06:59:40 <oerjan> not in a single variable, at least
07:00:33 <oklofok> not in a single variable?
07:00:44 <oerjan> for more variables i vaguely recall the answer can be dependent on order, i think i saw something about it in wp's Gröbner basis article
07:01:53 <oerjan> for two polynomials in x, dividing one on the other gives you a quotient and a remainder by long division
07:01:54 <oklofok> ohh single variable right, you mean like having just one variable.
07:02:25 <oklofok> you meant what you *said*, never occurred to me.
07:02:42 <oerjan> you do it almost like with integers, pretending that x is the base
07:02:57 <oklofok> yes, i know the procedure.
07:03:40 <oerjan> http://en.wikipedia.org/wiki/Gr%C3%B6bner_basis
07:03:42 <oklofok> can't really not know it having gone to school for X years
07:03:50 <oklofok> (not sure how many exactly)
07:04:00 <oklofok> (but too many)
07:04:34 <oerjan> "multivariate division of any polynomial in the polynomial ring R by G gives a unique remainder;" is one of the equivalent definitions of a gröbner basis
07:06:18 <oerjan> http://en.wikipedia.org/wiki/Multivariate_division_algorithm
07:06:29 <oklofok> stop seducing me with your links, i need to read my things.

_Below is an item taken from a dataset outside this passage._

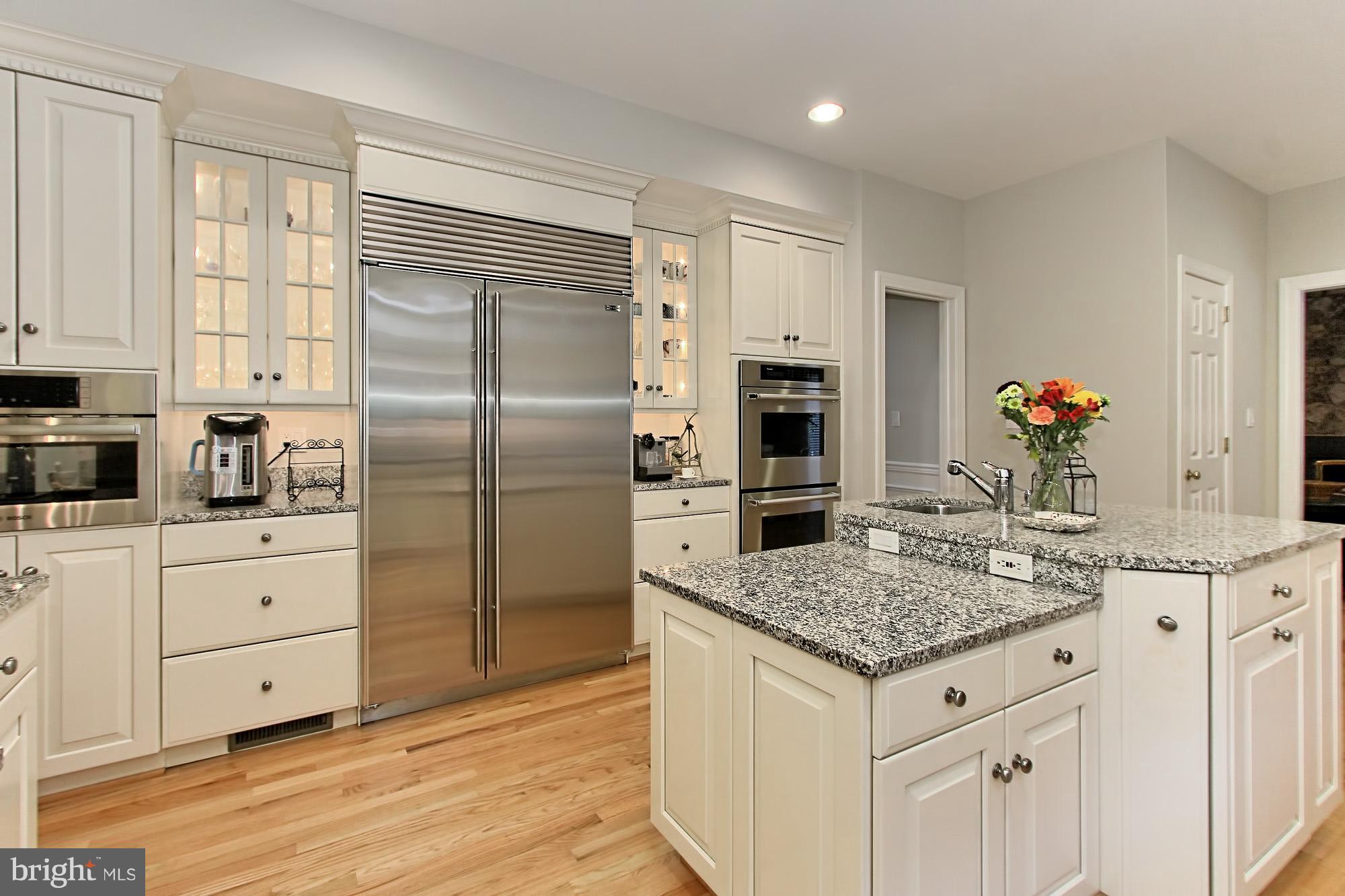 10100 Colvin Run Road Great Falls, VA 22066 - Photo 10 of 30 Kitchen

07:06:50 <oerjan> BWAHAHAHA
07:07:33 <oklofok> i have an exam in $stupid_course in 50 minutes
07:08:35 <oerjan> oh. good luck.
07:09:12 <lament> oklofok: you'll appreciate this: http://images.google.ca/images?q=alba
07:09:56 <oklofok> :)
07:11:33 <oklofok> the course is about gui's, the lecture notes are mostly about how java does it, and the exam asks more theoretical questions i can't really answer based on the notes, because they are crap in the theory parts.
07:11:45 * oerjan lends oklofok his swatter to use on lament
07:12:23 <oklofok> stuff like "- how to do this?", and presumably the lecturer has then answered that, but i didn't attend lectures.
07:12:37 <oklofok> oh thanks.
07:12:56 * oklofok swats la.. himself in the face
07:12:59 <oklofok> ouch
07:13:09 <oklofok> i can't use this thing it's like it has a life of its own
07:13:11 <oklofok> :|
07:13:15 <oklofok> where did you get it?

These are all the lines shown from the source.